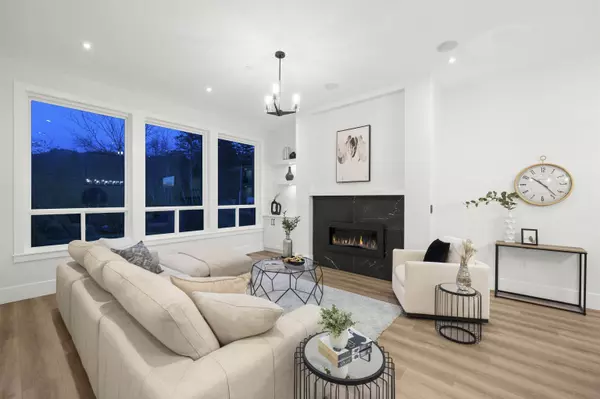 11018 243B ST, Maple Ridge, BC V2W 1H5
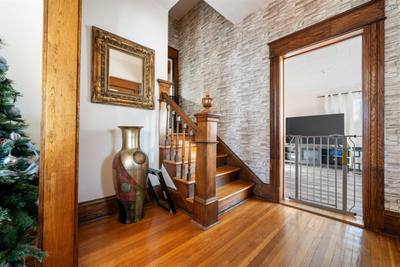 132 Almont Avenue — photo 8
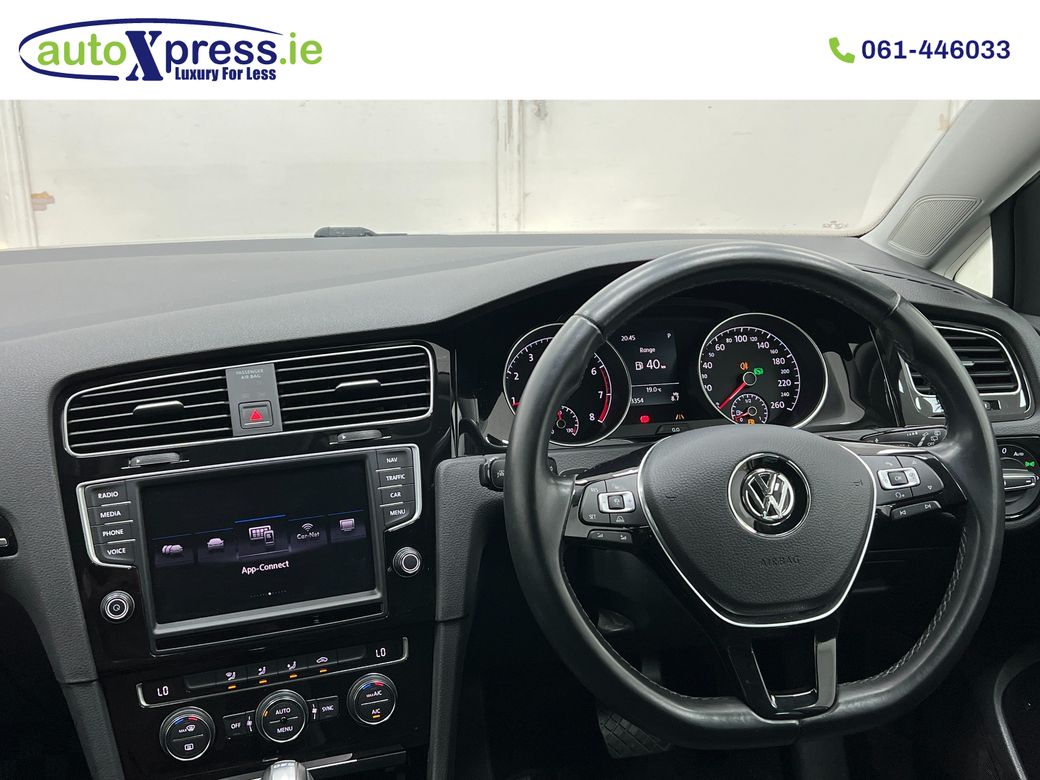 2017 Volkswagen Golf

··········

ASSIGNED TASK:
Leave out the pictures and set down all of the data exactly.

ANSWER BELOW:
 11018 243B ST, Maple Ridge, BC V2W 1H5
 132 Almont Avenue — photo 8
 2017 Volkswagen Golf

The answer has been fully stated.